Information supplied:
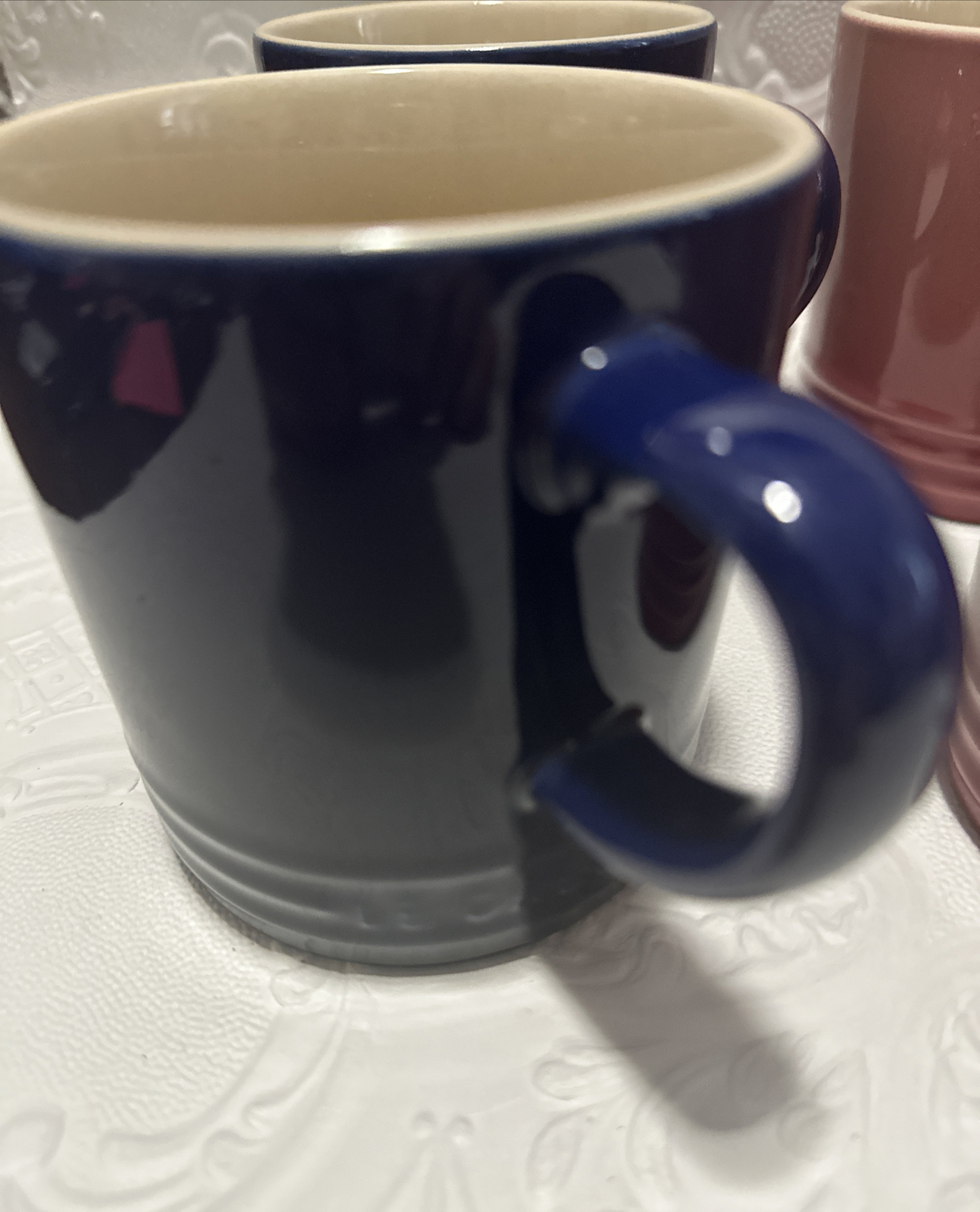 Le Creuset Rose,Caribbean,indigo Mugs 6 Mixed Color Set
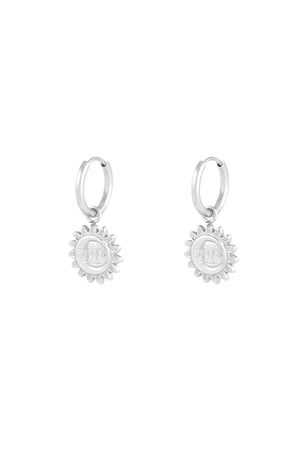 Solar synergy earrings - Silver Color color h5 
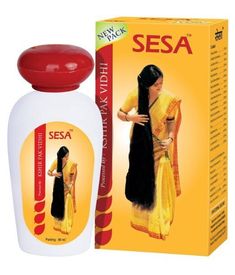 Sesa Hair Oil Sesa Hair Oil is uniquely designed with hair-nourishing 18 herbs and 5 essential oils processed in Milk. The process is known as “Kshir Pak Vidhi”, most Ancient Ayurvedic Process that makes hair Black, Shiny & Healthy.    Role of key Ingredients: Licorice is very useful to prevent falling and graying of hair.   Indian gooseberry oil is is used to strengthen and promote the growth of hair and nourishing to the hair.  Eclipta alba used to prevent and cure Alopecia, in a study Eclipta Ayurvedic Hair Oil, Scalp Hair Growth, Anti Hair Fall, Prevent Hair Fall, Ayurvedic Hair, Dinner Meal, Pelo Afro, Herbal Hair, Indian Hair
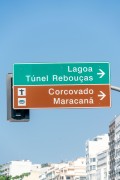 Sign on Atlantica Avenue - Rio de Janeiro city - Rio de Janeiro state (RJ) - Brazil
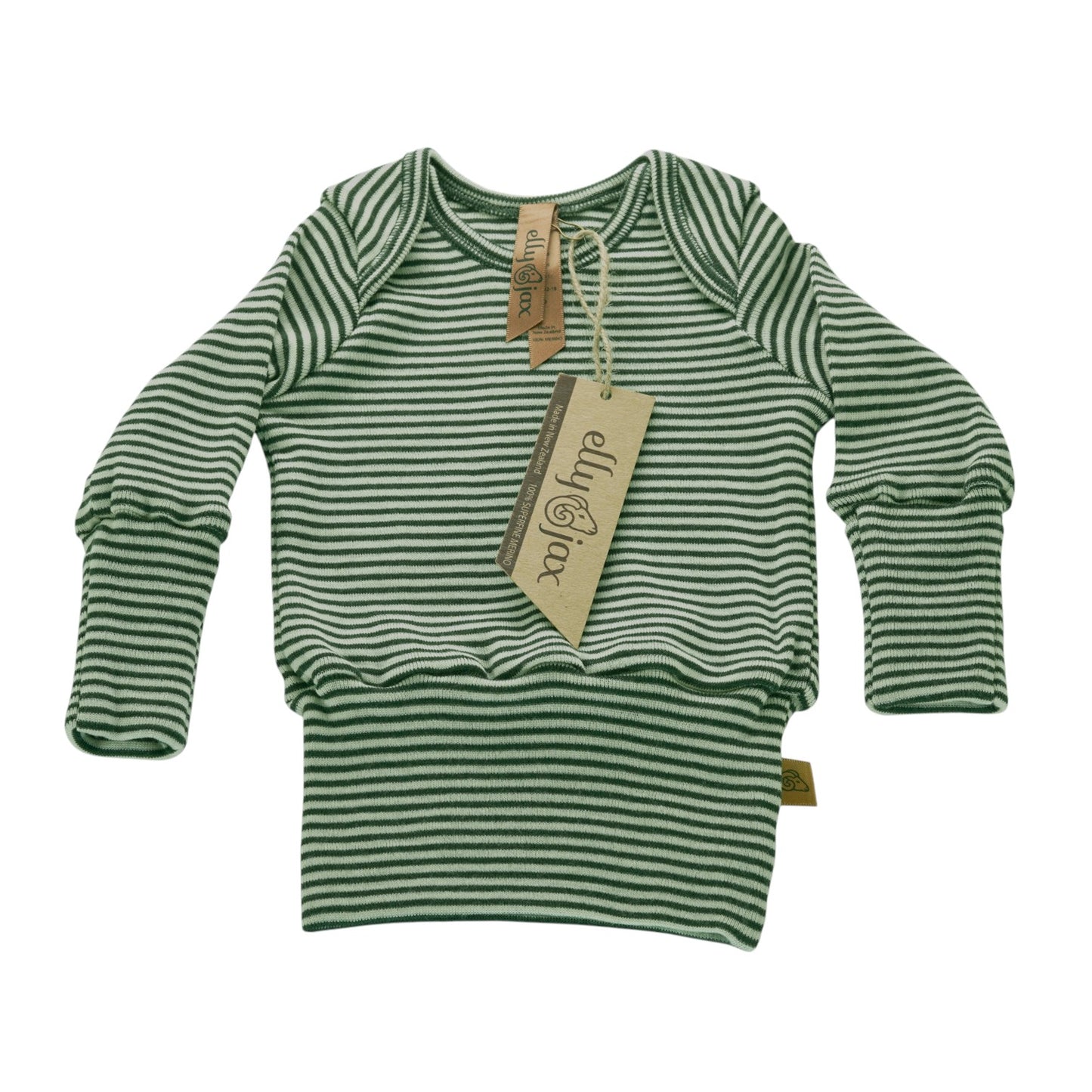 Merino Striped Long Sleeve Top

--

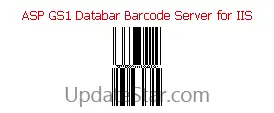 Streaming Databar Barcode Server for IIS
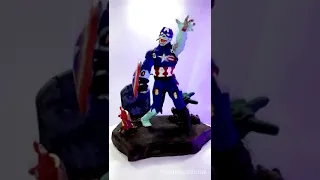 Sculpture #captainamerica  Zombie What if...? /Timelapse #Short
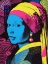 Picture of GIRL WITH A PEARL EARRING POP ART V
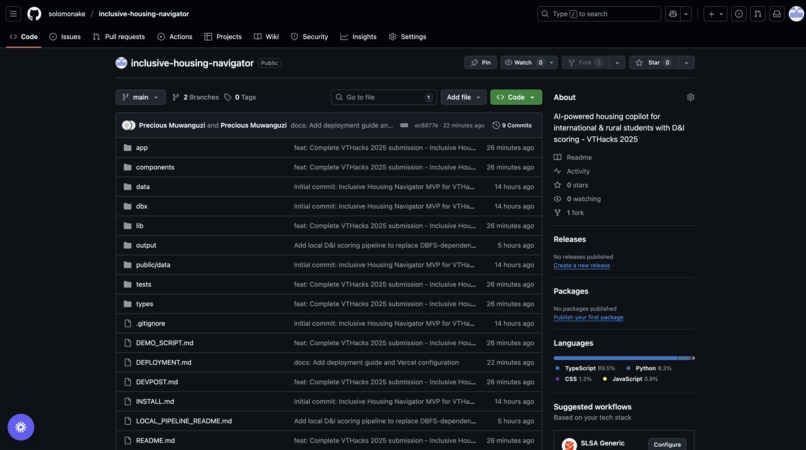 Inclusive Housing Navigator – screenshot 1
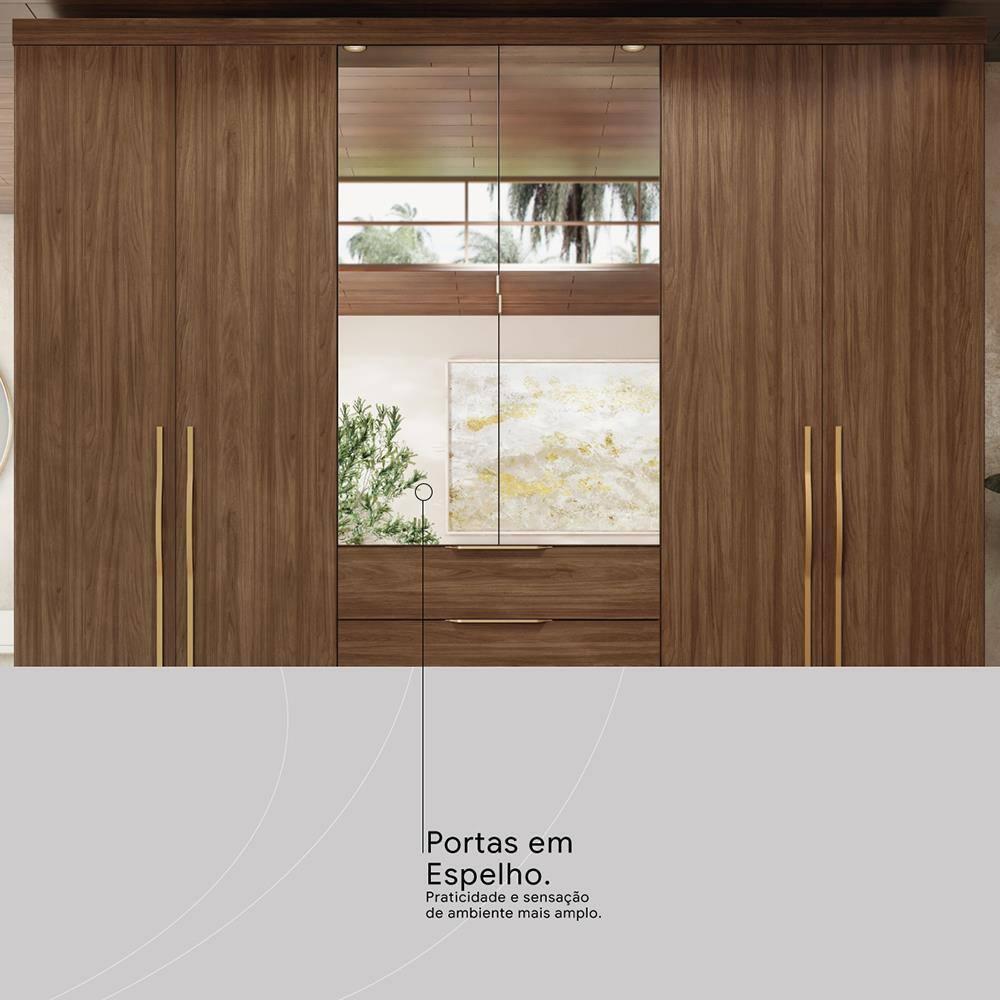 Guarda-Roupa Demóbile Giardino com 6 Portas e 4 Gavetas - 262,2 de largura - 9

* * *

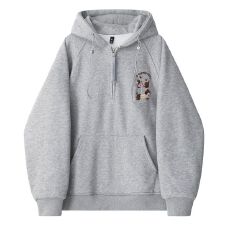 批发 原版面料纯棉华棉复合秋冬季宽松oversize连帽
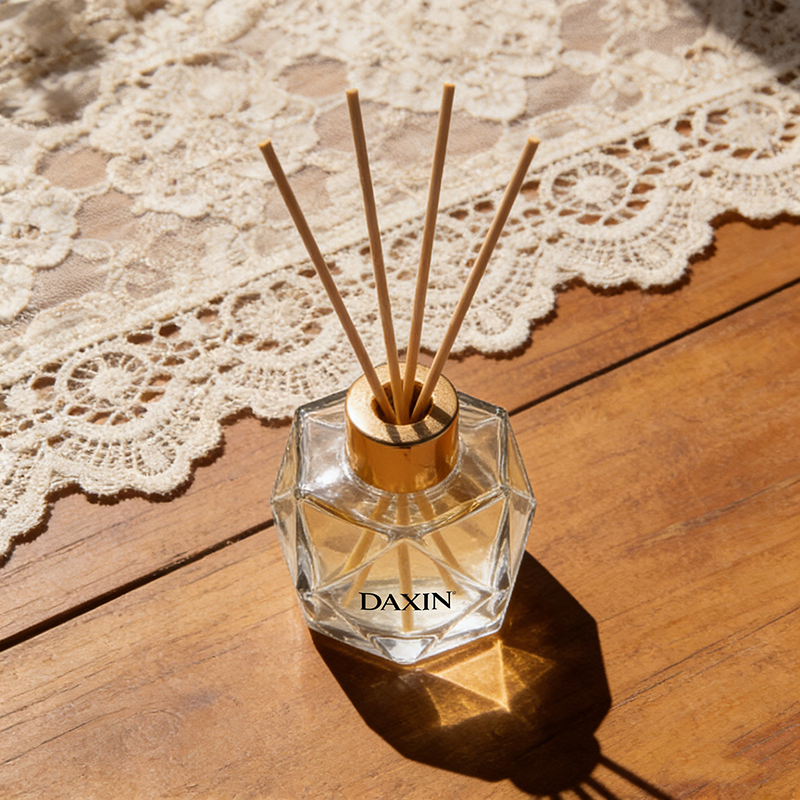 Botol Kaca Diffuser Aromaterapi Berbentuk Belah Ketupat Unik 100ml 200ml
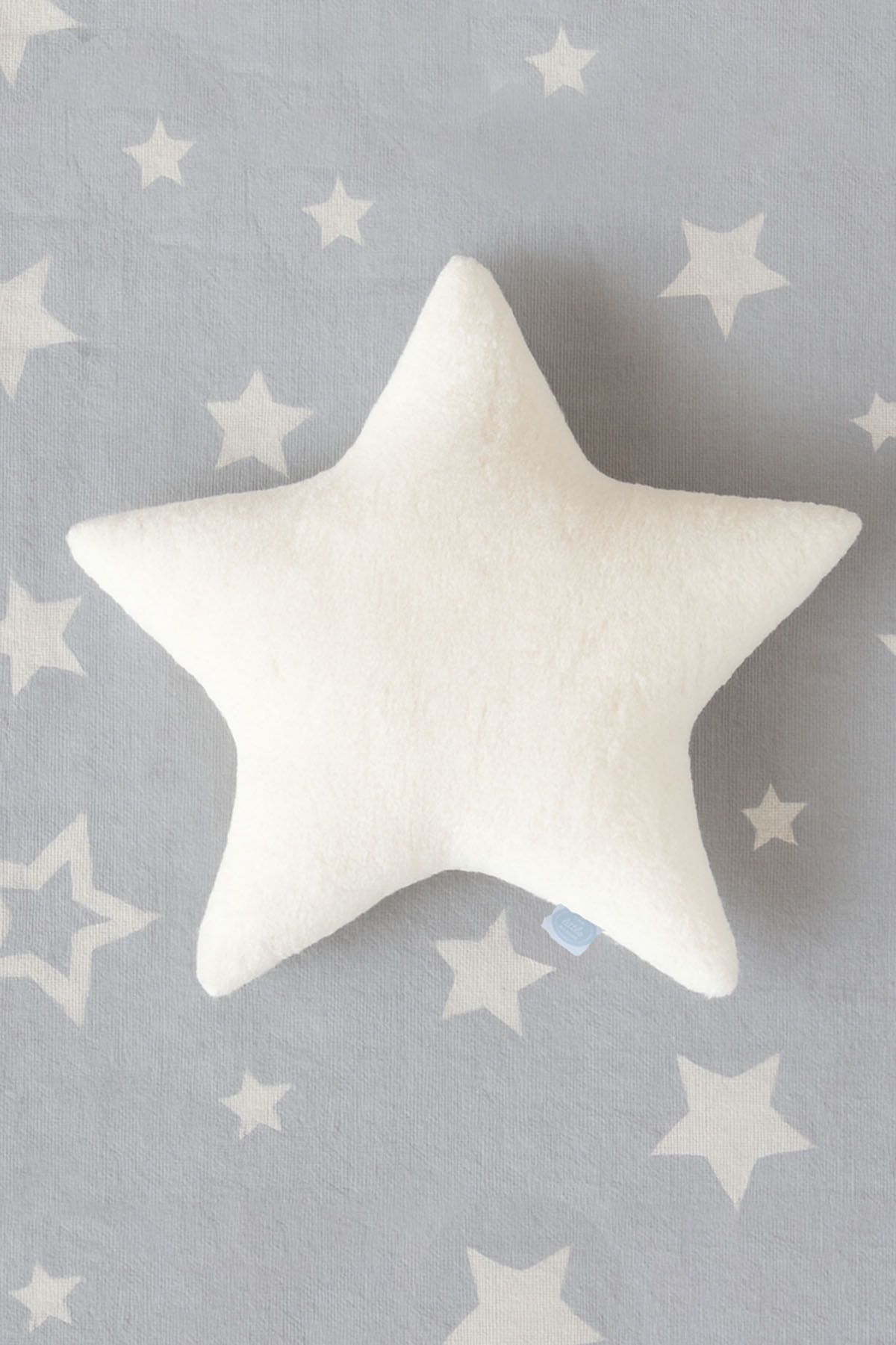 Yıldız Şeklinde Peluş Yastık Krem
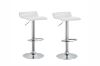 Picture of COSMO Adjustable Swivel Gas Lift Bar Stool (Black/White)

Requirement: Using the data above, output the line that has "if...? /Timelapse #Short", the line that has "Guarda-Roupa Demóbile Giardino", and whatever lines fall between, each exactly as it stands and without pictures.

Problem solution:
 Sculpture #captainamerica  Zombie What if...? /Timelapse #Short
 Picture of GIRL WITH A PEARL EARRING POP ART V
 Inclusive Housing Navigator – screenshot 1
 Guarda-Roupa Demóbile Giardino com 6 Portas e 4 Gavetas - 262,2 de largura - 9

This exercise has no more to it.